Studio album by Three Dog Night
- Released: September 30, 1971
- Studios: American Recording Co., Studio City, California
- Length: 36:08
- Label: Dunhill
- Producer: Richard Podolor

Three Dog Night chronology
| Golden Bisquits (1971) | Harmony (1971) | Seven Separate Fools (1972) |

Singles from Harmony
- "An Old Fashioned Love Song" Released: November 1971; "Never Been to Spain" Released: January 1972; "The Family of Man" Released: March 1972;

= Harmony (Three Dog Night album) =

Album by Three Dog Night

Harmony is the fifth studio album by American rock band Three Dog Night, released in 1971 (see 1971 in music). The album featured two Top 10 hits: "An Old Fashioned Love Song" (U.S. #4) and a cover version of Hoyt Axton's "Never Been to Spain" (U.S. #5).

Professional ratings
Review scores
| Source | Rating |
| AllMusic | Star |
| Christgau's Record Guide | B+ |
| Tom Hull | B |

== Critical reception ==
Reviewing in Christgau's Record Guide: Rock Albums of the Seventies (1981), Robert Christgau wrote: "Next to Grand Funk, they're the country's top touring act, and they sell singles in the multiple millions besides. They're slick as Wesson Oil. And when they choose the right material and go light on the minstrel-show theatrics, they're fine—next to 'Maggie May,' 'Joy to the World' is the most durable single of the year. Their albums do vary—avoid the 'Joy to the World' vehicle Naturally—but I think this is the best. Even if you're hostile, you'll have to concede that any group that can string together great-but-obscure songs from Marvin Gaye, Joni Mitchell, and Moby Grape without inspiring a rush back to the originals has something going for it.

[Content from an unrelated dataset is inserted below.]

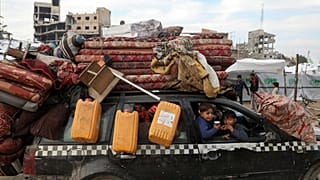 نازحون فلسطينيون يعودون إلى شمال قطاع غزة، بعد قرار إسرائيل السماح لهم بالعودة لأول مرة منذ بداية الحرب مع حماس، في خطوة مفعمة بالآمال رغم الدمار المستمر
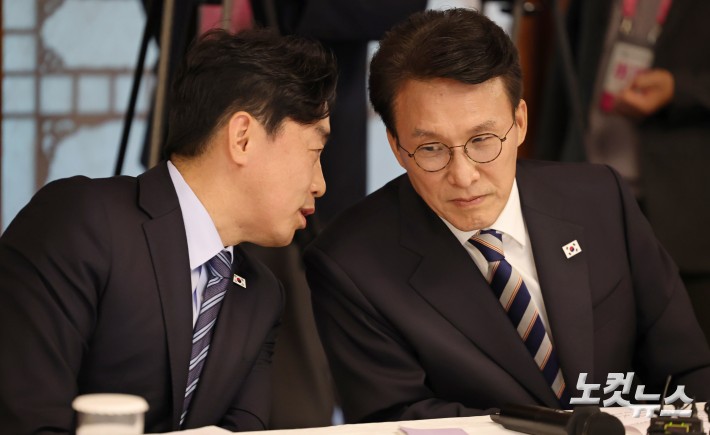 대화하는 김민석 국무총리-강훈식 대통령비서실장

Wish they'd cut the poetry reading, though."

==Track listing==
1. "Never Been to Spain" (Hoyt Axton) – 3:43
2. "My Impersonal Life" (Terry Furlong) – 4:22
3. "An Old Fashioned Love Song" (Paul Williams) – 3:21
4. "Never Dreamed You'd Leave in Summer" (Stevie Wonder, Syreeta Wright) – 3:41
5. "Jam" (Three Dog Night) – 3:47
6. "You" (Jeffrey Bowen, Jack Goga, Ivy Jo Hunter) – 3:00
7. "Night in the City" (Joni Mitchell) – 3:13
8. "Murder in My Heart for the Judge" (Jerry Miller, Don Stevenson) – 3:36
9. "The Family of Man" (Jack Conrad, Paul Williams) – 3:28
10. "Intro: Poem: Mistakes and Illusions" (poem by Paula Negron) / "Peace of Mind" (Nick Woods) – 3:03

==Personnel==
- Michael Allsup – guitar
- Jimmy Greenspoon – keyboards
- Danny Hutton – lead vocals (tracks 2, 7, 9), background vocals
- Chuck Negron – lead vocals (tracks 3, 4, 6, 9), background vocals
- Joe Schermie – bass
- Floyd Sneed – drums
- Cory Wells – lead vocals (tracks 1, 8, 9), background vocals

Production
- Richard Podolor – producer
- Bill Cooper – engineer
- Ed Caraeff – photography

==Charts==
Album – Billboard (United States)

| Chart (1971/72) | Peak position |
|---|---|
| Australia (Kent Music Report) | 32 |
| USA Pop Albums | 8 |

Singles – Billboard (United States)

Year: Single; Chart; Position
1971: "An Old Fashioned Love Song" (Alternate mix); Pop Singles; 4
Easy Listening: 1
"Never Been to Spain": Pop Singles; 5
1972: Easy Listening; 18
"The Family of Man": Pop Singles; 12
Easy Listening: 27

==Certifications==

| Region | Certification | Certified units/sales |
| United States (RIAA) | Gold | 500,000^{^} |
^{^} Shipments figures based on certification alone.